Saturday, May 14, 2011

What do Medicare, the Housing Bubble and the Chinese High Speed Rail have in Common?

Megan McArdle, writing about the Chinese high speed rail and its parallel to the 2008 U.S. housing bubble-and-crash had this to say:

Prices are really useful. But in whole large sectors of the Chinese economy, particularly the banking sector, the government sets those prices. This means huge information loss, and the concomitant possibility that there is a vast misallocation of resources.


Don't those things happen in markets? Hell yes: witness the housing bubble. On the other hand, witness East Germany. To get a really catastrophic misallocation of resources, it seems to take a government; corporations can only screw things up on an artisinal scale. For that matter, it's worth noting that our government has spent the last seven decades trying to keep the price of housing low, and that much of that intervention, such as the creation of mortgage securitization, ultimately significantly contributed to the crisis.

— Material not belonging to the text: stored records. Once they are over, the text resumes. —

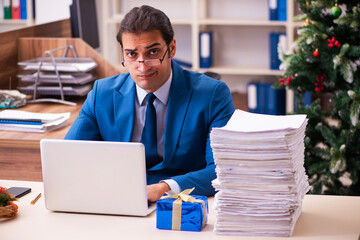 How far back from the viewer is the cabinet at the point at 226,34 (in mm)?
5043

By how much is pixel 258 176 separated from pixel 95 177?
0.44 meters

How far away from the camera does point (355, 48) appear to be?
2.79m

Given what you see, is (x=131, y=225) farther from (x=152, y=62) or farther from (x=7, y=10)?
(x=7, y=10)

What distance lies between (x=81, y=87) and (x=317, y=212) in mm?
1921

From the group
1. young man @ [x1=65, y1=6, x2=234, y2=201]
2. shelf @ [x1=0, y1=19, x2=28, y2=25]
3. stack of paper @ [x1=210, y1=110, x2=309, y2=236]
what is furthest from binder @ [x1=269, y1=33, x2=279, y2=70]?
stack of paper @ [x1=210, y1=110, x2=309, y2=236]

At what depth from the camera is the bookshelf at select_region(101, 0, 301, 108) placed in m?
5.01

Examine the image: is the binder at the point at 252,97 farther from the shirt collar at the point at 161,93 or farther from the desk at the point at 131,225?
the desk at the point at 131,225

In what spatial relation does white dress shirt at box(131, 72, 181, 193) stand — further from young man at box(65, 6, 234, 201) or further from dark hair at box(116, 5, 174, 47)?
dark hair at box(116, 5, 174, 47)

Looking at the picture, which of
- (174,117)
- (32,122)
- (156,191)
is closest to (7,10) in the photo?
(32,122)

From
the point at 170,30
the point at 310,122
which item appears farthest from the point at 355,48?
the point at 170,30

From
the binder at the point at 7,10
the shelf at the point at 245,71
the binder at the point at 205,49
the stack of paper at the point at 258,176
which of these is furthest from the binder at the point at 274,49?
the stack of paper at the point at 258,176

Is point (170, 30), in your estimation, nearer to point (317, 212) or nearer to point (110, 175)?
point (110, 175)

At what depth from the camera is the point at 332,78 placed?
292cm

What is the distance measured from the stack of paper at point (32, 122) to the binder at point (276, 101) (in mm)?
2408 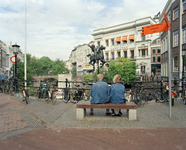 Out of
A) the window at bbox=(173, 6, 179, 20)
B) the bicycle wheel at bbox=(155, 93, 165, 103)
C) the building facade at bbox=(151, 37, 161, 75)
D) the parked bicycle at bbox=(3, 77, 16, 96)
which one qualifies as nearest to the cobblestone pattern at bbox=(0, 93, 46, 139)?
the bicycle wheel at bbox=(155, 93, 165, 103)

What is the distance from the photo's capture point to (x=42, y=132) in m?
4.41

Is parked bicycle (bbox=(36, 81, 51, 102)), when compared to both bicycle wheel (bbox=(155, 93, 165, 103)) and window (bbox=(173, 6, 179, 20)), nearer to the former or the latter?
bicycle wheel (bbox=(155, 93, 165, 103))

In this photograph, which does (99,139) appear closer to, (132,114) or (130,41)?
(132,114)

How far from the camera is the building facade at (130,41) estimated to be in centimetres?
4159

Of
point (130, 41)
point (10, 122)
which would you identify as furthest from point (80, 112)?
point (130, 41)

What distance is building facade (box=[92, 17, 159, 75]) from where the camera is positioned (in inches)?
1638

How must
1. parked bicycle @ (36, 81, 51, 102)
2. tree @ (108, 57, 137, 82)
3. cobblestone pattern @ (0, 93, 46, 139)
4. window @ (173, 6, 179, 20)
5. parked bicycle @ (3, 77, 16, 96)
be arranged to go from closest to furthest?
cobblestone pattern @ (0, 93, 46, 139) < parked bicycle @ (36, 81, 51, 102) < parked bicycle @ (3, 77, 16, 96) < window @ (173, 6, 179, 20) < tree @ (108, 57, 137, 82)

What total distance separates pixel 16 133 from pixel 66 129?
4.61 feet

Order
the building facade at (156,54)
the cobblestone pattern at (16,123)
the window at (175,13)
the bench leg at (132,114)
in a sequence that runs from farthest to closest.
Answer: the building facade at (156,54)
the window at (175,13)
the bench leg at (132,114)
the cobblestone pattern at (16,123)

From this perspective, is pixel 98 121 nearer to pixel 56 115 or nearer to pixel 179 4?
pixel 56 115

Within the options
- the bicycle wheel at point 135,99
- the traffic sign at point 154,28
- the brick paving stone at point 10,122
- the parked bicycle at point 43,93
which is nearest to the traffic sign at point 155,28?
the traffic sign at point 154,28

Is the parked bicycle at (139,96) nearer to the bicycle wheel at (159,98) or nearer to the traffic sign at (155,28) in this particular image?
the bicycle wheel at (159,98)

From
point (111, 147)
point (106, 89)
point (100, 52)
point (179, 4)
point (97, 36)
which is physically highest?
point (97, 36)

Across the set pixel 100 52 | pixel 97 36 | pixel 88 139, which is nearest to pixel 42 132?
pixel 88 139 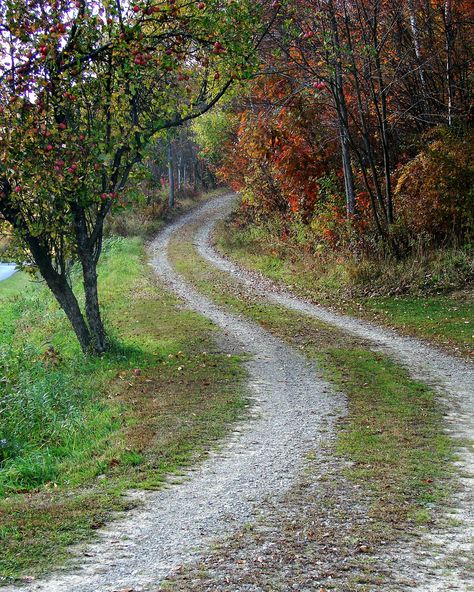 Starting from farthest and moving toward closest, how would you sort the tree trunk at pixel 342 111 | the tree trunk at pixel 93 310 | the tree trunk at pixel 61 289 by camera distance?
the tree trunk at pixel 342 111, the tree trunk at pixel 93 310, the tree trunk at pixel 61 289

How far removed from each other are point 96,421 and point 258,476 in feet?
10.5

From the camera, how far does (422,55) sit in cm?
1814

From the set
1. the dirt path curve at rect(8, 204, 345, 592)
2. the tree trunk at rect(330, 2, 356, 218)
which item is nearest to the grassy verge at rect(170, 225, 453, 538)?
the dirt path curve at rect(8, 204, 345, 592)

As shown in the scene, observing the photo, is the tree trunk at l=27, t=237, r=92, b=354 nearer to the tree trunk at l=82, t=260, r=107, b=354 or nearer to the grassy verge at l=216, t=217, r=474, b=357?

It's worth remembering that at the time they were built, all those useless houses looked like prosperity.


The same argument can be made for the current mess we are in with health care prices. With the government as the single largest payer for medical care in the U.S., the administratively-set prices for Medicare and Medicaid wreak havoc with supply, demand and resource allocation.

Also -it's worth remembering that at the time they are consumed, all those unfunded Medicare benefits look like a wonderful health care program--until you pay attention to the effect they have on rising health care costs and government insolvency.